▶ [How to complete this task]
Please retype, word for word, the line containing "Adidas Fabela Rise GZ4101 Hockeyschoenen Dames Wondersteel 9" and every line after it through the end of the records, leaving out all pictures.

▶ [Provided data]
******

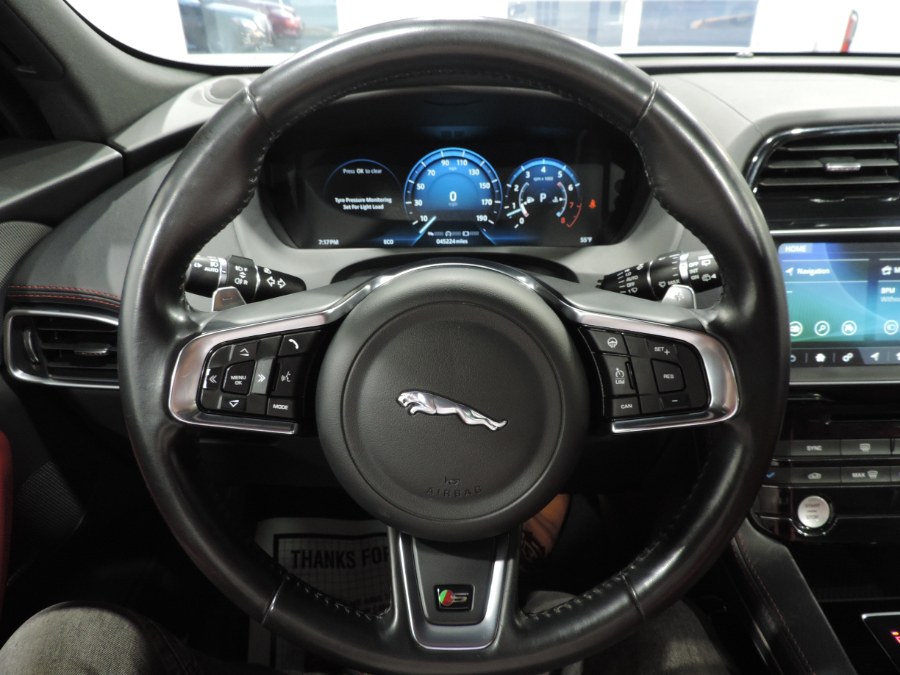 Used Jaguar F-PACE S AWD 2018 | Auto Gallery. Lodi, New Jersey Used Jaguar F-PACE S AWD 2018 | Auto Gallery. Lodi, New Jersey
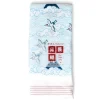 Japanese Cotton Tea Towels Tenugui made in Japan available at Miya.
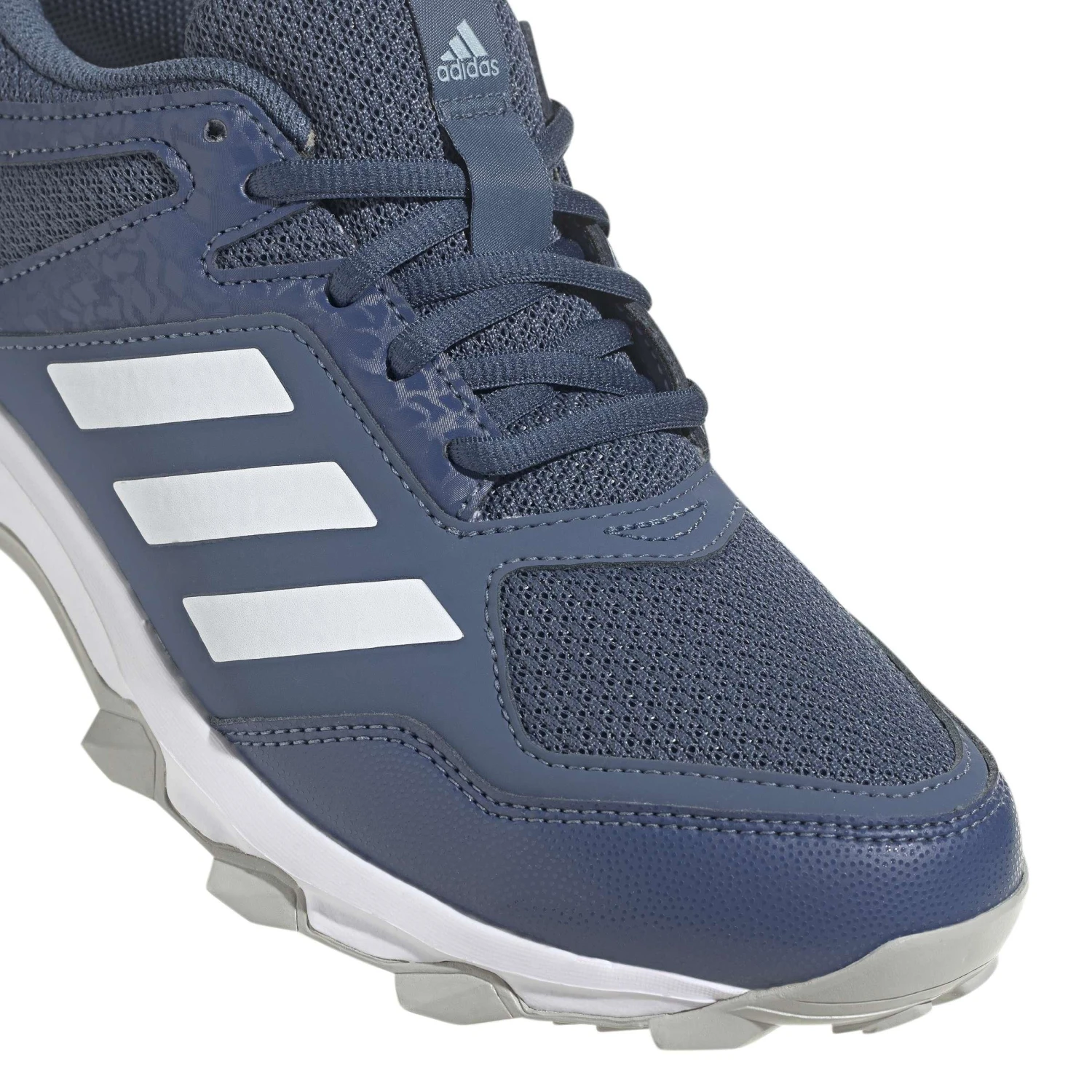 Adidas Fabela Rise GZ4101 Hockeyschoenen Dames Wondersteel 9 Adidas Fabela Rise GZ4101 Hockeyschoenen Dames Wondersteel - Afbeelding 7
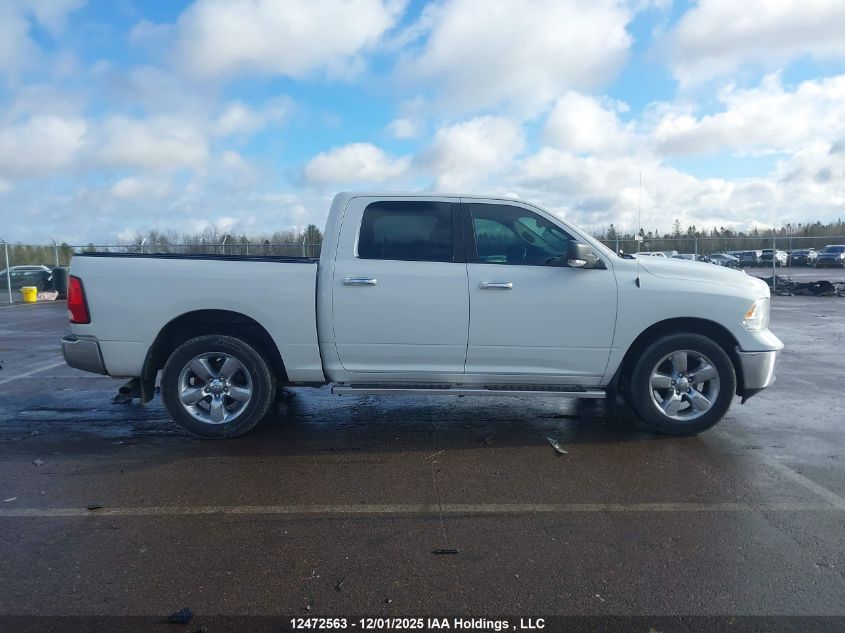 2017 Ram 1500 Slt VIN: 1C6RR7LG2HS525891 Lot: 12472563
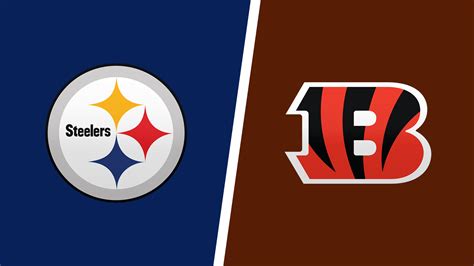 How to Watch Cincinnati Bengals vs. Pittsburgh Steelers Week 11 Game ...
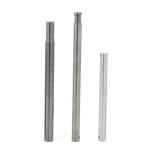 Stainless Steel CNC Milling Service Long Shaft Metal Cutting Services For Power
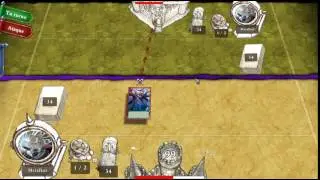 DevLog - Myths and Legends, pre-alpha build, board position tests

******

▶ [Task output]
 Adidas Fabela Rise GZ4101 Hockeyschoenen Dames Wondersteel 9 Adidas Fabela Rise GZ4101 Hockeyschoenen Dames Wondersteel - Afbeelding 7
 2017 Ram 1500 Slt VIN: 1C6RR7LG2HS525891 Lot: 12472563
 How to Watch Cincinnati Bengals vs. Pittsburgh Steelers Week 11 Game ...
 Stainless Steel CNC Milling Service Long Shaft Metal Cutting Services For Power
 DevLog - Myths and Legends, pre-alpha build, board position tests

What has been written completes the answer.